By CAM LUCADOU-WELLS
Casey is on the threshold of a potential economic boom, according to speakers at a Narre Warren Region Business Group AGM on 13 July.
Guest speaker Neville Waterman spoke fervently of his goal for Waterman Business Centre to help 5000 Casey businesses thrive.
Mr Waterman has plans to replicate his Narre Warren-based centre across Melbourne to provide a “healthy environment” to support small businesses.
Businesspeople needed to have a “healthy vision” with a “compelling why” – beyond making money, he said.
His was to support small businesses, many which floundered without an effective support network.
Mr Waterman said a cluster of thriving businesses would profoundly boost wellbeing in the City of Casey.
“I believe the real key to the success of our nation is the prosperity of small businesses.
“We could profoundly affect the lives of so many people.”
Mr Waterman said most business people started out unsure of how to build a healthy business, worked harder than they had to and had an unbalanced lifestyle.

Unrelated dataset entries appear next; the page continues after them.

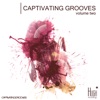 Captivating Grooves, Vol. 2 (Bonus Track Version)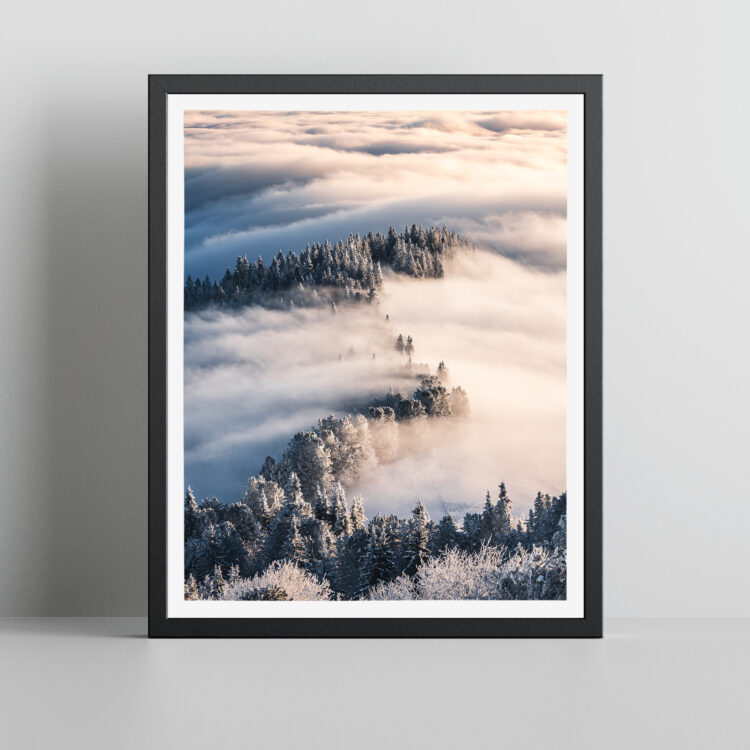 Wandbild Bäume im Nebel - Niels Oberson - Fotograf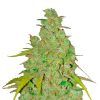 1024 Feminizada Medical Seeds - (X3)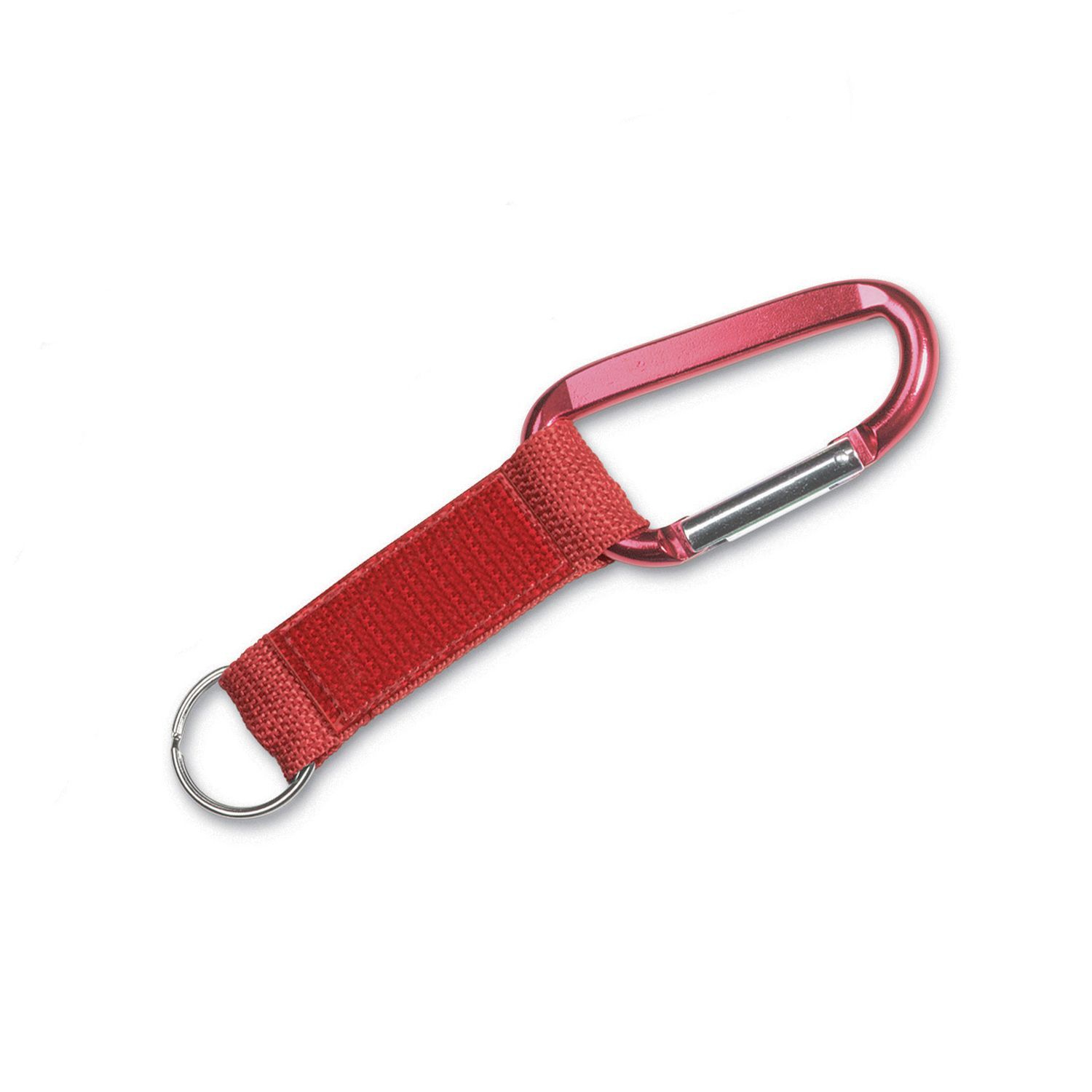 Steel Carabiner Key Tag 4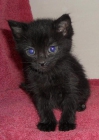 Nela, gatita negra su hermano ha sido adoptado y esta triste - mejor precio | unprecio.es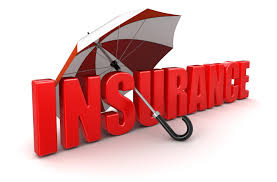 Insurance coverage Sector Information 12% Development In This autumn, 2022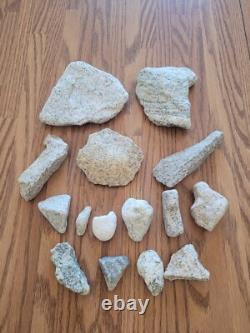 Art rupestre en pierre effigie de l'ours en granit des Amérindiens, artefacts, outils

He hoped to facilitate business leaders that were well-connected, inspired, working smarter not harder and learning from other successful entrepreneurs.
“What if we could create this environment that this small business person who is failing and struggling … that they could have all the supports.”
He invited business people to an open day at Waterman Business Centre at Victor Crescent on 29 July.
Also at the meeting, Mayor Sam Aziz said Mr Waterman was an “amazing man” and that he and his business incubator were “critical” to Casey council’s economic strategy.
He outlined the council’s plans for a Narre Warren CBD structure plan to help guide $10 billion of expected development in one of Victoria’s 10 legislated major activity centres.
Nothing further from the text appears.